La vicenda artistica dell’autrice inizia infatti proprio a Venezia, quando a 8 anni, nel 1948, si trasferisce nella città lagunare per seguire il padre, Umbro Apollonio, critico d’arte, scrittore e direttore dell’Archivio storico della Biennale di Venezia dal 1949 al 1972. Qui cresce in un contesto intellettuale, qui nel 1962, inizia la sua carriera artistica, contro il contro il parere del padre. Eppure, la sua sensibilità si inserisce alla perfezione nel contesto culturale del tempo, segnato dalla ricerca sulla percezione. Sempre a Venezia, nel 1968, dopo aver visitato la personale di Apollonio alla Galleria Paolo Barozzi, Peggy Guggenheim le commissiona Rilievo n. 505, tutt’oggi parte della collezione.
Sono i momenti seminali dell’Arte programmata e cinetica.

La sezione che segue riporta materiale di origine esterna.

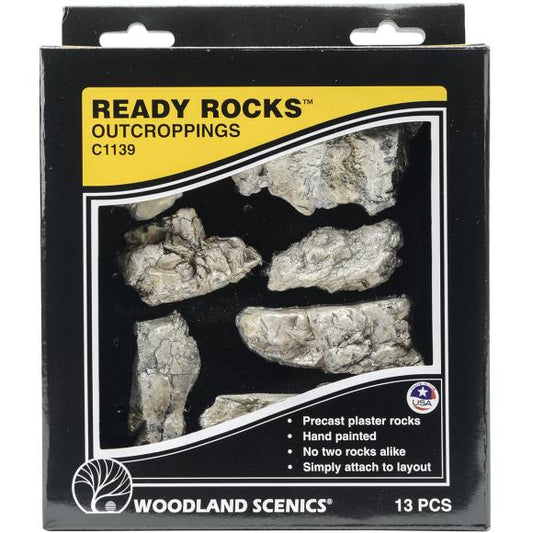 Woodland Scenics Ready Rocks 13/Pkg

Pur senza aderire a nessun gruppo, Apollonio è vicina a Nuova tendenza 3, dove conosce Dadamaino, con cui rimarrà sempre amica; al Gruppo N di Padova, al Gruppo T di Milano, al Gruppo Zero di Düsseldorf. Con loro condivide l’idea di un’arte anaffettiva, anarrativa, astratta, impermeabile alla figura, rivolta ai sensi ma insensibile al cuore, tutta volta al cervello e agli ingranaggi meccanici che permettono la percezione. E soprattutto come su questi ingranaggi è possibile intervenire. Quante sono, per esempio, le possibilità rappresentative del cerchio? Quanti effetti ottici è possibile ottenere da una semplice linea che si chiude su se stessa, perdendo il suo inizio e la sua fine? Può essere reso, in qualche modo, un genere artistico a sé stante? Forse per questo servirebbe che qualcun altro si cimentasse nella sua rappresentazione, esplorandola verticalmente. Però, in attesa che accada, Apollonio è di certo l’autrice di riferimento sul tema specifico, colei alla quale si guarderà se mai arriverà un erede in tal senso.

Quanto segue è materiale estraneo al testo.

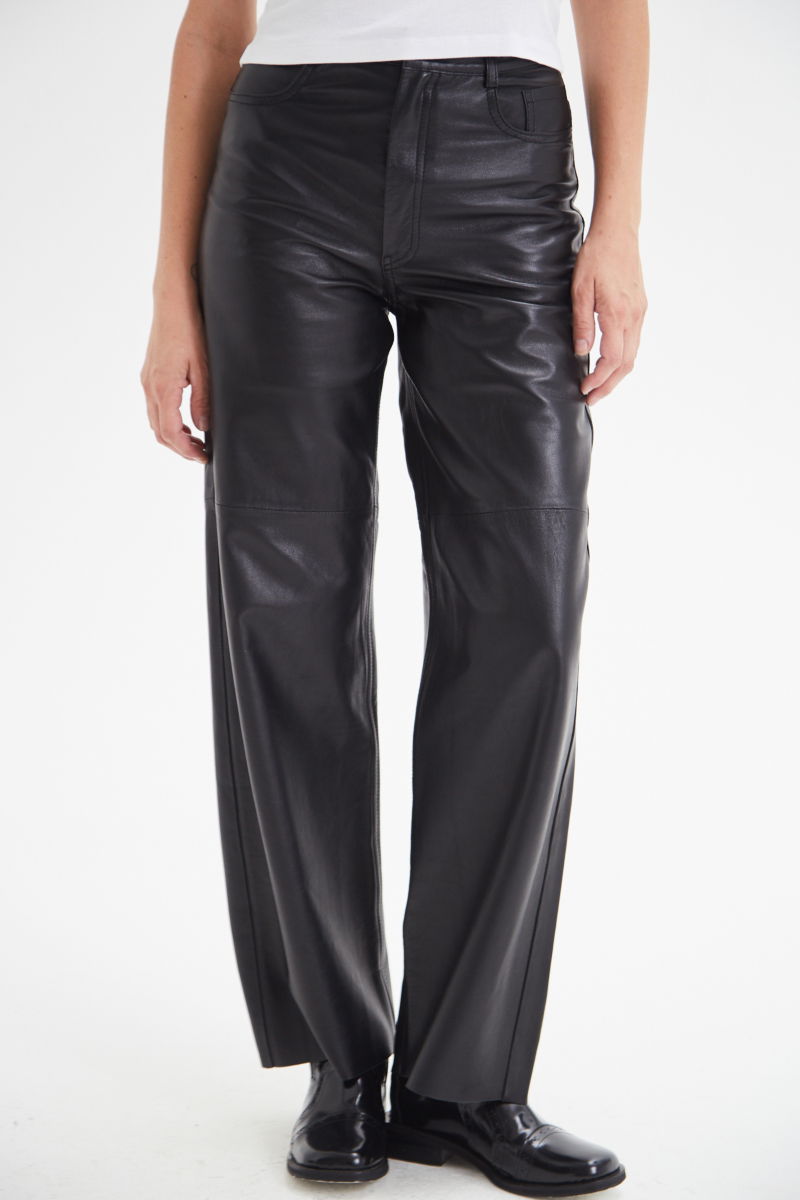 PANTALON DE CUERO LUNA / OVINO ITALIANO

A partire dalle prime sperimentazioni, quelle Dinamiche circolari iniziate nel 1968. Si tratta di oggetti ora statici ora mobili, che esplorano in differenti soluzioni le possibilità di attivazione del cerchio. Sempre agli anni Sessanta e Settanta risalgono i Rilievi, strutture metalliche che catturano e scompongono l’ambiente circostante, che si immerge nella sua superficie specchiante e viene restituito cangiante e imprevedibile. Se qui viene mantenuta l’impostazione quadro, pur al limite della definizione, in altre soluzioni il cerchio viene moltiplicato sulla base di una scultura in metallo.
Si torna alla pittura con le Gradazioni, dove i cerchi concentrici, per disposizione e variazione cromatica, paiono muoversi, contraddicendo la loro apparente natura statica. E poi i Rilievi a diffusione cromatica, pitture-rilievo dei primi anni Settanta, monocromi bianchi i cui cerchi, intagliati nel supporto di plastica e dipinti nella scanalatura, prendono vita con il movimento dello spettatore. Movimento a uscire che si sublima nelle Espansioni, pitture di piccolo formato dello stesso periodo: esplosioni cromatiche dalle linee di colore concentriche.
Infine, a riprova dell’ampiezza e della longevità della parabola di Apollonio, chiudono la mostra due nuovi progetti site-specific: l’ambiente Entrare nell’opera, realizzato dall’artista appositamente per la mostra, e l’ugualmente inedita istallazione musicale Endings, nata dalla recente collaborazione con il compositore Guglielmo Bottin che prende il via dalla spirale di Fusione circolare del 2016.